--- Problem to work on ---
In the entries below, print exactly the lines from the first through the one with "Xuân Thu Bá Đồ Chap 12 - Next Chap 13", both included, and none of the pictures.

--- Dataset records ---

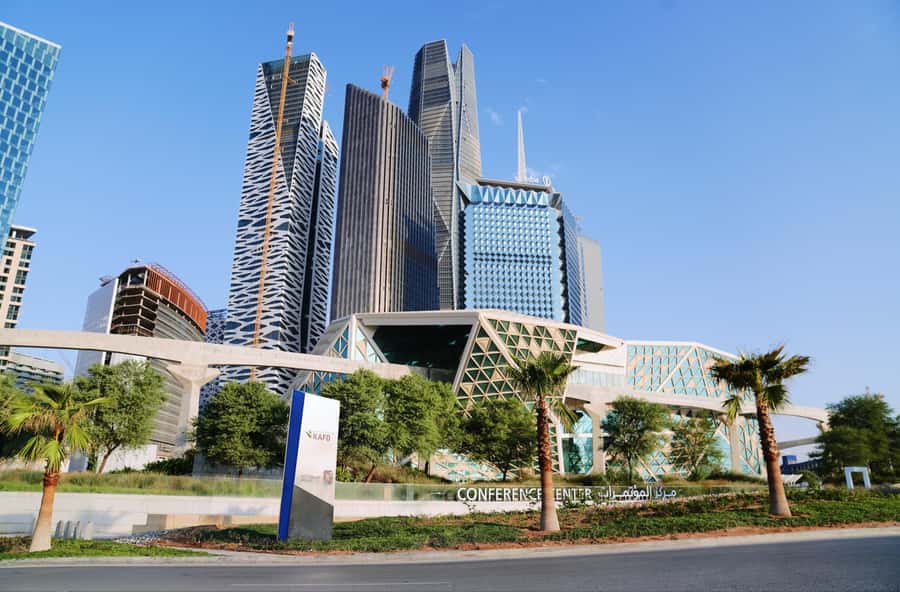 Architectural Wonders of KAFD, An Iconic Destination - KAFD Metro by Zaha Hadid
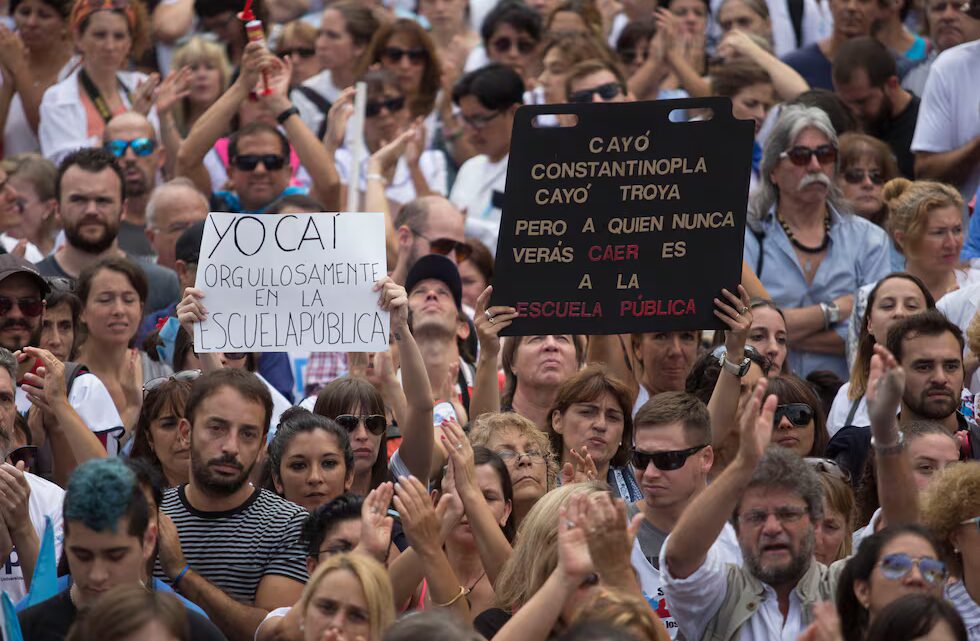 La educación se planta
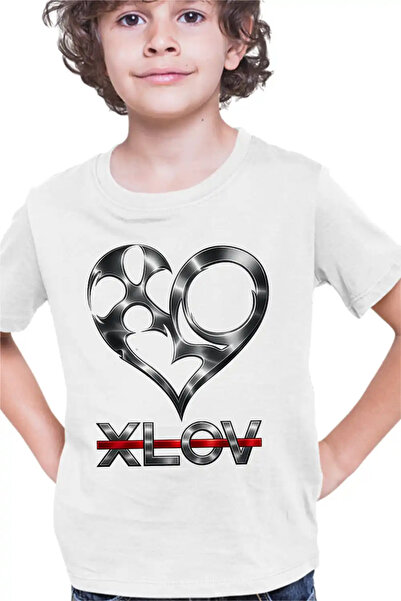 OEM Μπλουζάκι Xlov Καρδιά K-pop Εμπορεύματα
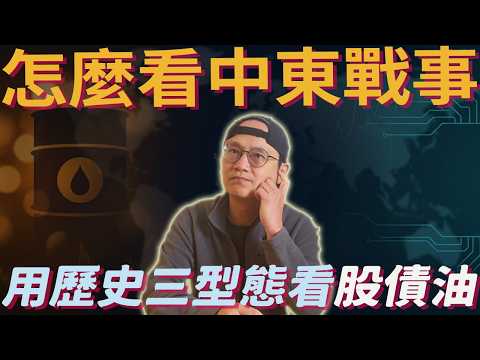 不預測戰爭！把中東戰事濃縮成 3 種型態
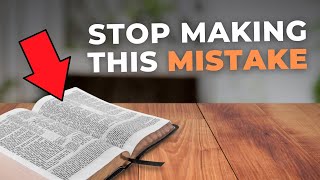 Too Many Christians Misunderstand This Key Verse Profile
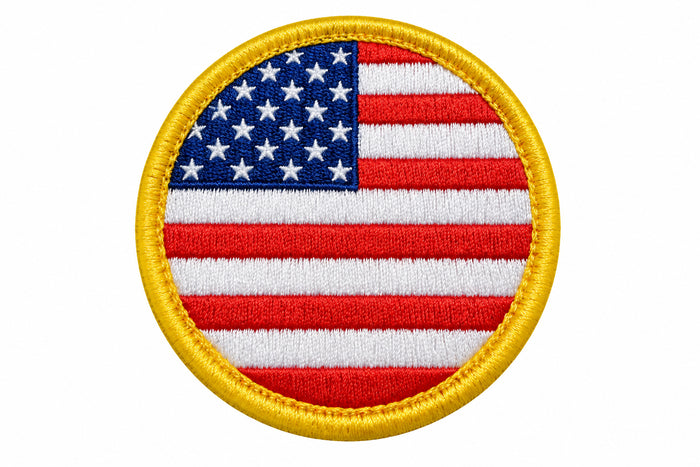 Old Glory Velcro Patch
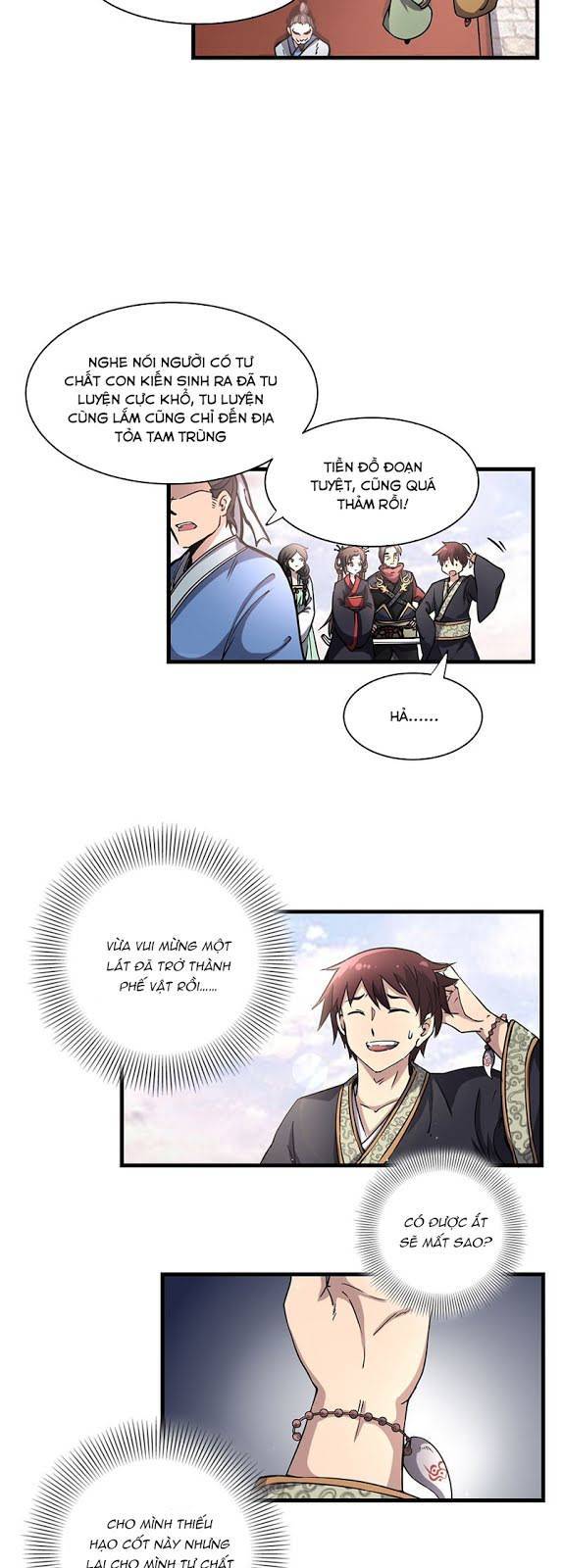 Xuân Thu Bá Đồ Chap 12 - Next Chap 13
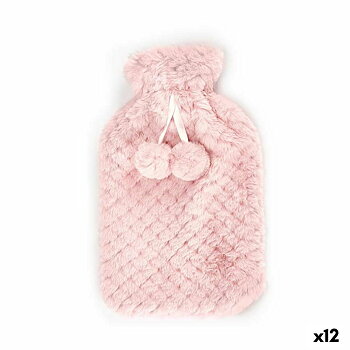Varmvattenflaska Gift Decor Rosa Plast 1,8 L (12 antal)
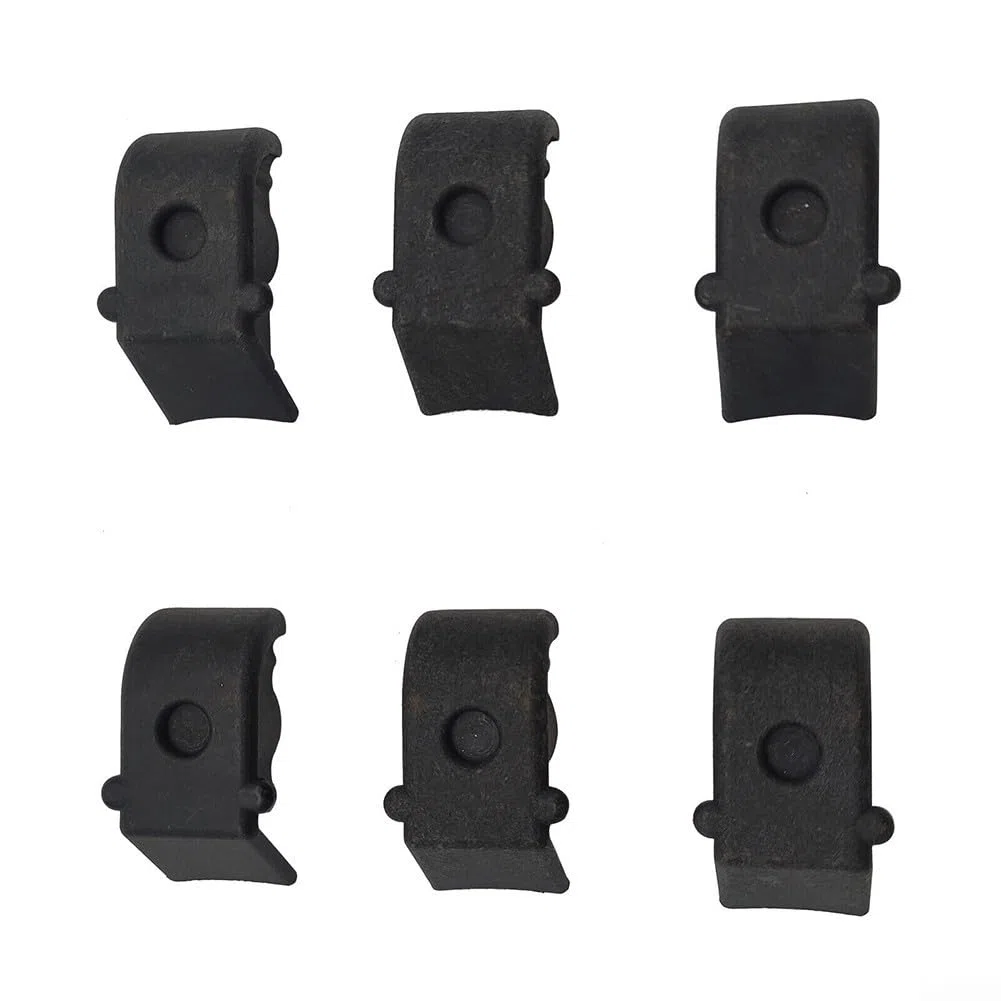CVT - Juego de 6 bujes de nailon de embrague compatible con CFMoto CF550 Cforce Uforce Zforce 400 450cc 550cc 850cc 1000cc ATV UTV
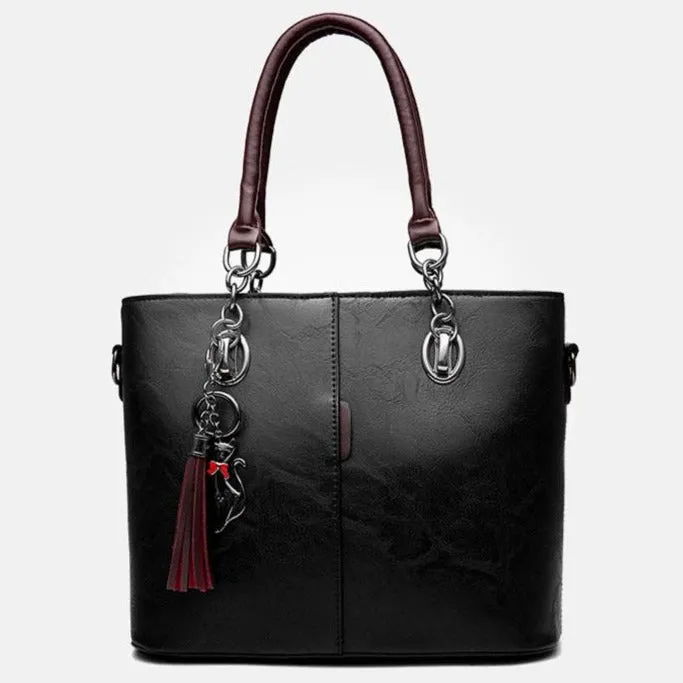 Luxury Designer Leather Shoulder Bag and Handbag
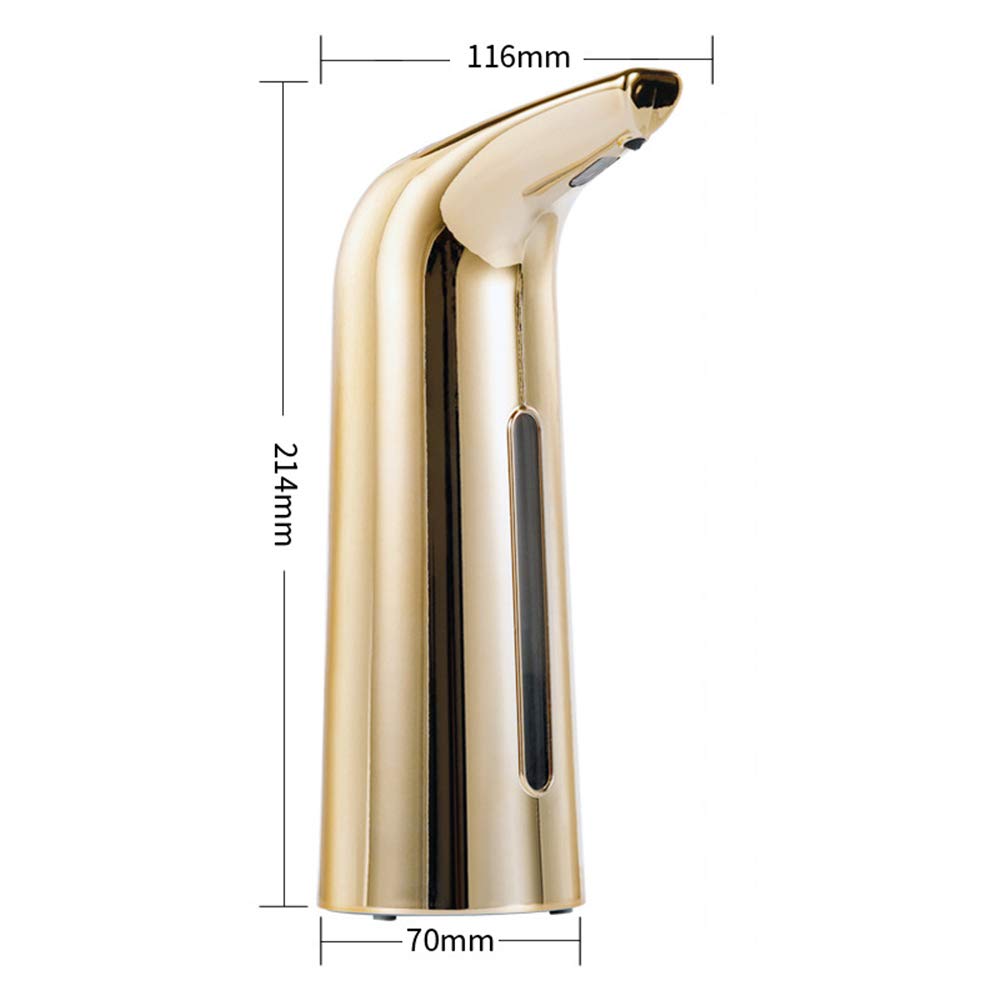 dispenser sapone,Distributore automatico di sapone a induzione, cellulare per il lavaggio dell'oro locale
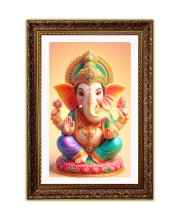 Vertical16X24 Inches Frame Big Photo Frame - 20x28 Inches For Home,Temple & Office Decoration (F10914)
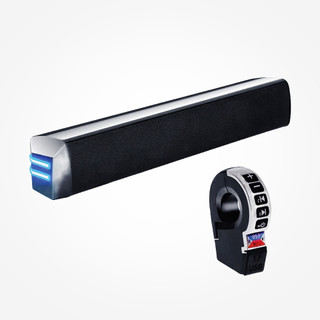 Loa nghe nhạc mp3 chống thấm nước gắn tay lái xe máy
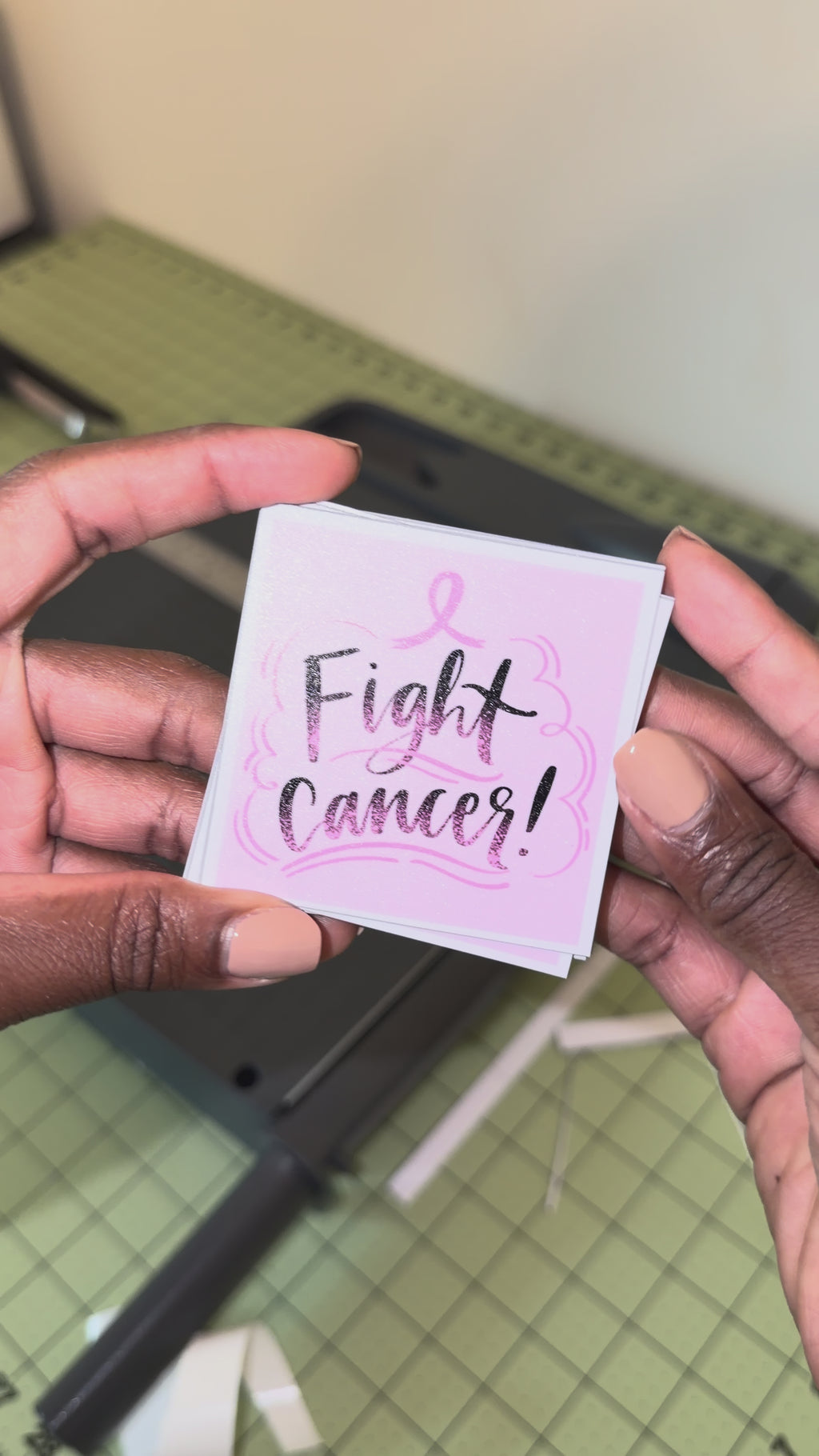 Breast Cancer Awareness Magnets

--- Written response ---
 Architectural Wonders of KAFD, An Iconic Destination - KAFD Metro by Zaha Hadid
 La educación se planta
 OEM Μπλουζάκι Xlov Καρδιά K-pop Εμπορεύματα
 不預測戰爭！把中東戰事濃縮成 3 種型態
 Too Many Christians Misunderstand This Key Verse Profile
 Old Glory Velcro Patch
 Xuân Thu Bá Đồ Chap 12 - Next Chap 13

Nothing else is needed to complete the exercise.